Why he's the MVP: After this week's Arrow, I was convinced of two things. One, Malcolm Merlyn was the most vile and despicable villain the show has seen. And two, John Barrowman was an absolute revelation. Throughout the course of this series, Barrowman has been able to utilize a wide range of his skills as an actor — from playing a shrewd villain, cold father, ruthless man, and sassy nemesis. Part of the allure of a character like Malcolm Merlyn is that he's often so self-serving and terrible, and yet played by such a lovable, endearing actor that you don't know whether you want to see Malcolm dead, or not. This week's "Sins of the Father" (a most on-the-nose title, by the way) focuses on showcasing every facet of Barrowman's talent.

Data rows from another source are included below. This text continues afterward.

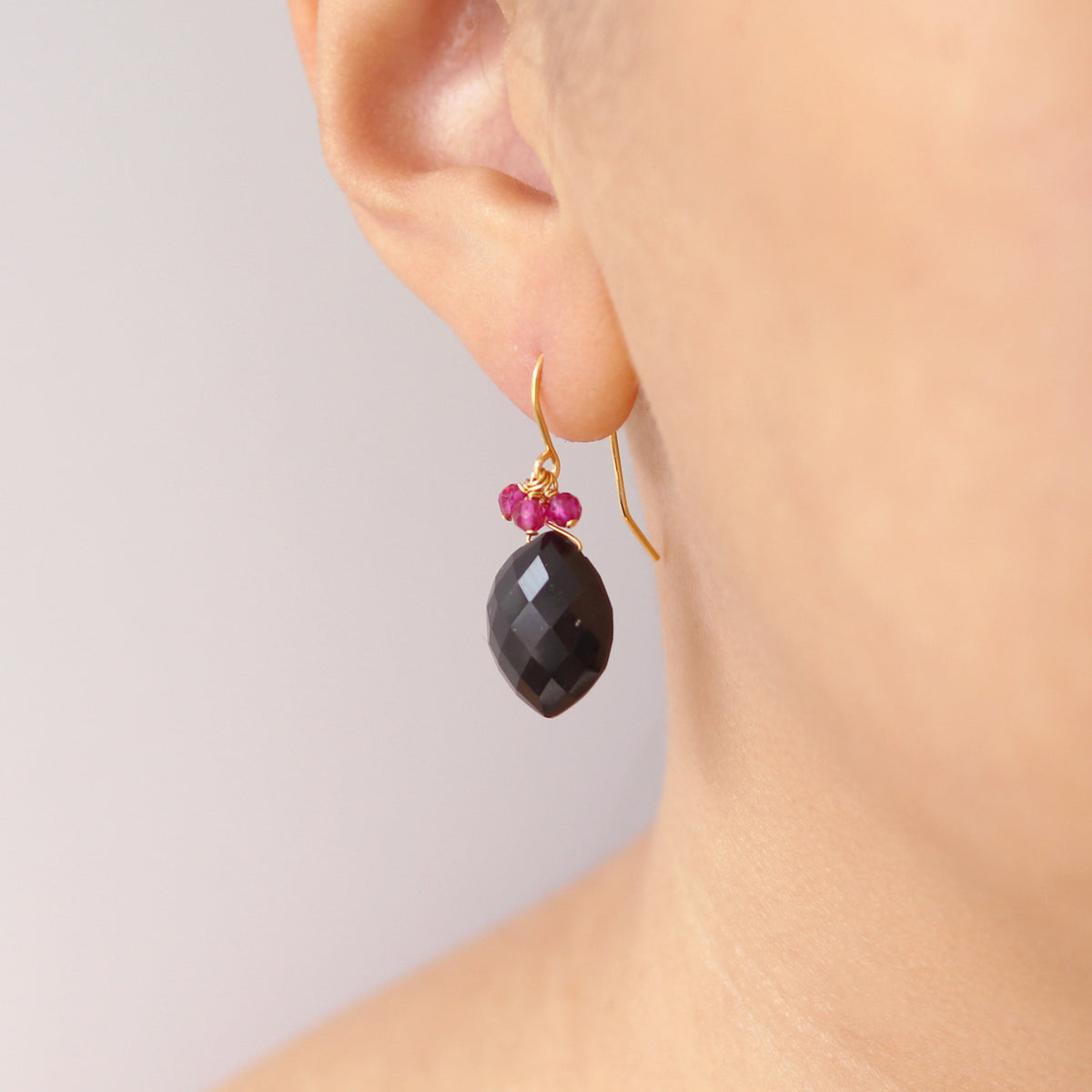 Black Onyx Marquise & Ruby Earrings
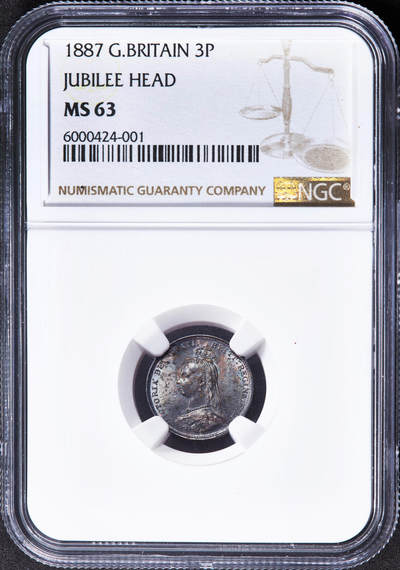 【俄甄集藏】马年新春第一拍 2026年(048)02-25星期三 晚 19:30 全场包邮 - 英国1887年维多利亚高冠3便士银币，NGC MS63，五彩包浆，转光品相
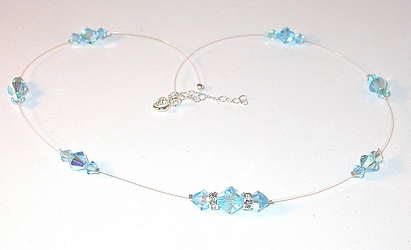 illusion floating crystals aquamarine blue aquamarine crystals aqua crystal necklace illusion neckace choker swarovski crystal wedding bridal bride jewelry sterling silver necklace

I absolutely and positively loved the scene between Malcolm and Oliver on the rooftop, where Malcolm emphasized how pretty, but dumb Oliver usually is. And I found my fists clenching during the moment at the end of the episode where a vindictive Malcolm approached current "Big Bad" Damien Darhk, willing to trade over the life of Oliver's son for the sake of evening a score. I love that Malcolm Merlyn is a villain once referred to as "The Magician" within the League. It seems apt, because often, Malcolm creates smokes and mirrors, double and triple-crossing people he claims to care about in order to protect himself. And the reason that this character has worked so well for years is because of Barrowman's portrayal. In the hands of any other actor, Malcolm's antics could become predictable and trite. And though Arrow struggles with creating fresh conflicts for the characters, to me, watching Malcolm spiral into his evil deeds occasionally feels aimless but never dull. Barrowman's talents are so easily malleable.

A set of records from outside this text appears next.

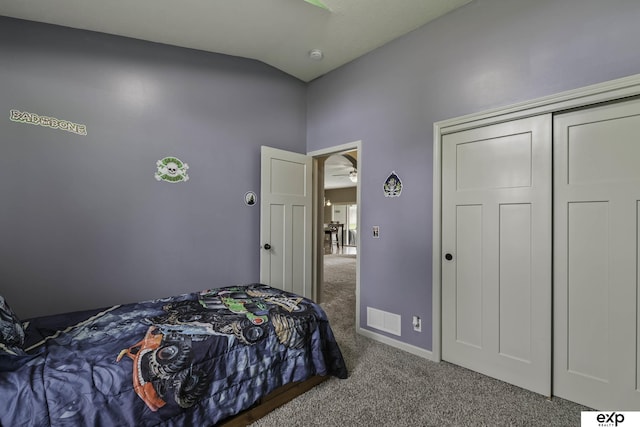 6015 S 193rd St, Omaha, NE 68135 - carpeted bedroom featuring vaulted ceiling and a closet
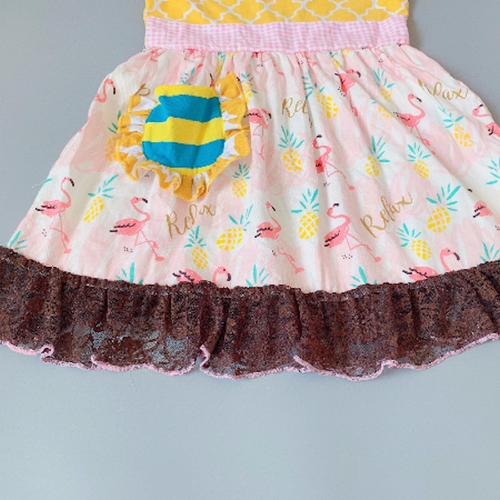 NEW Boutique Flamingo Girls Sleeveless Ruffle Dress 2-3 3-4 5-6 6-7 7-8 - Picture 8 of 18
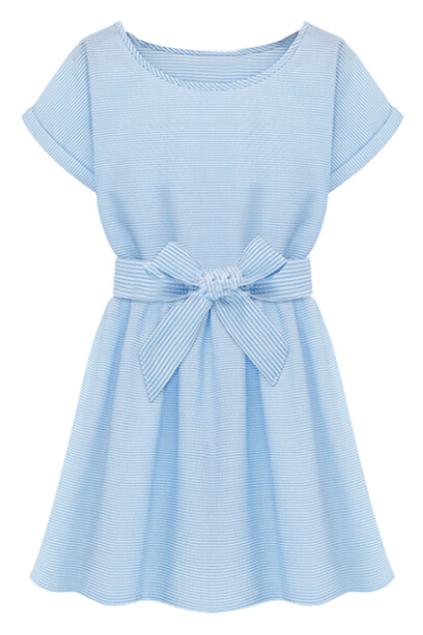 Romwe Self-tie Bowknot Rolled-cuffs Striped Light-blue Dress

The scene, however, that earns Barrowman the title of MVP this week is the one in the lair between Malcolm and Oliver. Barrowman's delivery of the story of the day he first met Thea and she stuck her tongue out at him seems so real and believable. In spite of the horrors that he has committed and will commit even in this episode, Malcolm's humanity shines through only because of how talented Barrowman is. It's the gentleness of this speech contrasted with the booming outburst that comes a few minutes later that really struck me. When Malcolm roars at Oliver about how he will not give up his power to Nyssa, I literally said: "... woah" at my television screen. Barrowman terrified me, in that moment, as Malcolm in a way he has never done before. This duality to Malcolm — this rare glimpse of humanity and intensely self-serving villainy — is what makes him complex, and though it's impossible to even think of justifying Malcolm's actions, somehow Barrowman's portrayal engages me.

Malcolm Merlyn is a villain and proves in "Sins of the Father" that there is no line he is unwilling to cross in order to get what he wants. But John Barrowman? Well, this episode proved that there is nothing he can't do and do extremely well.

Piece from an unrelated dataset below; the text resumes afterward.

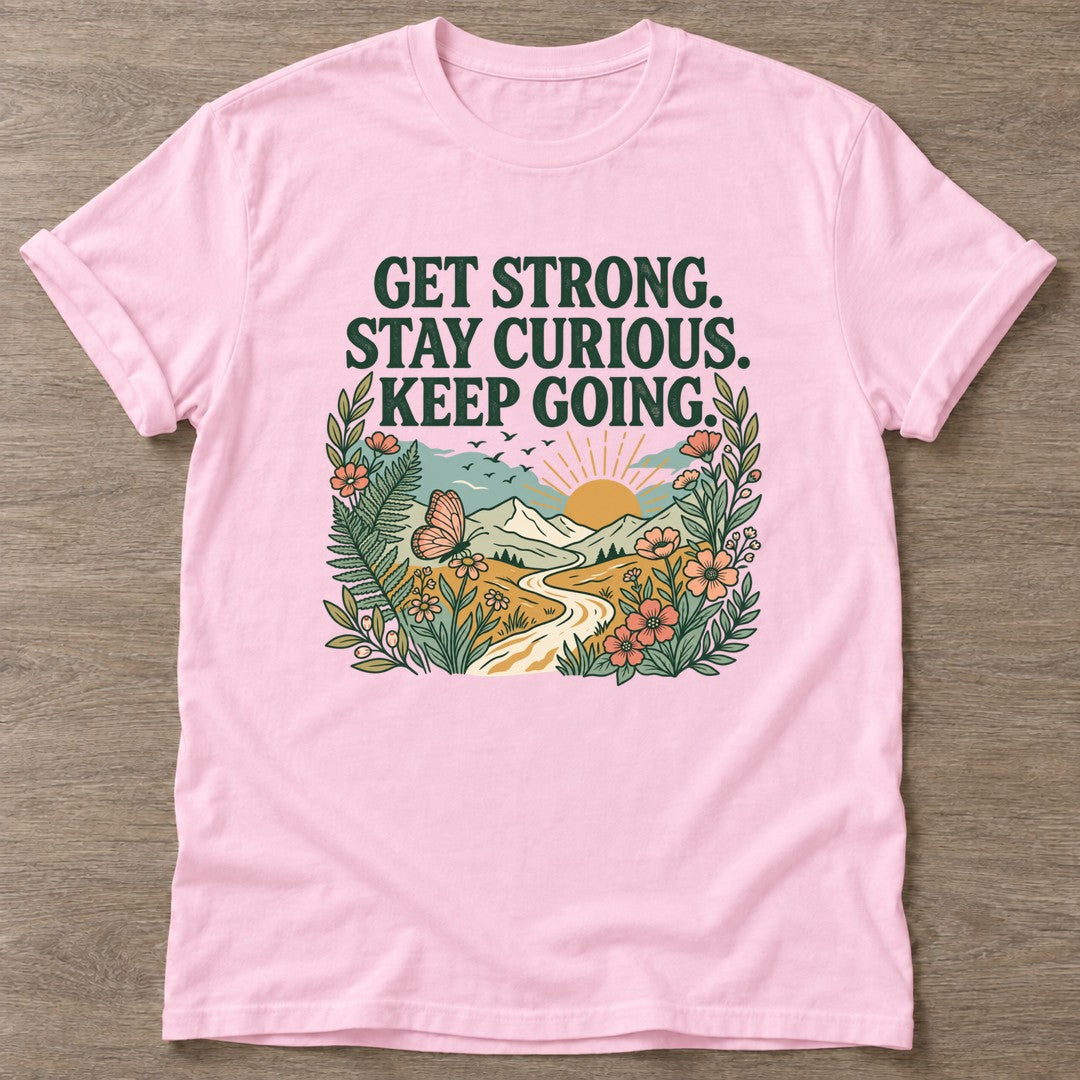 Light Pink Get Strong T-shirt — weightlifting design, for women who lift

Jon’s MVP: Carlos Valdes as Cisco Ramon (The Flash)

Why he’s the MVP: If I had the ability to do so, I would make every single person on The Flash my TV MVP for this week. Not only was this week’s episode one of the best of the season — if not the entire series — but everyone involved does an excellent job portraying two different versions of their character. There is not a single weak link in the cast. However, seeing as how I can only pick one TV MVP for the week, I believe out of the entire cast, Carlos Valdes absolutely nailed both sides of Cisco, making for a beyond-entertaining performance.
Cisco Ramon has become one of the more entertaining aspects of The Flash since the series began, thanks to his quick wit and incredible talent for nicknames. With the recent addition of his new “Vibe” powers, we’ve now begun to see Cisco mature a little. He still can act like a ten-year old kid in a comic shop, but we’ve seen him accept his new role seriously. With the arrival to Earth-2 this week, not only do we see Valdes having a ball with playing Cisco discovering Earth-2, but we also see him portray a more calculated and malicious version of Cisco, known as Reverb.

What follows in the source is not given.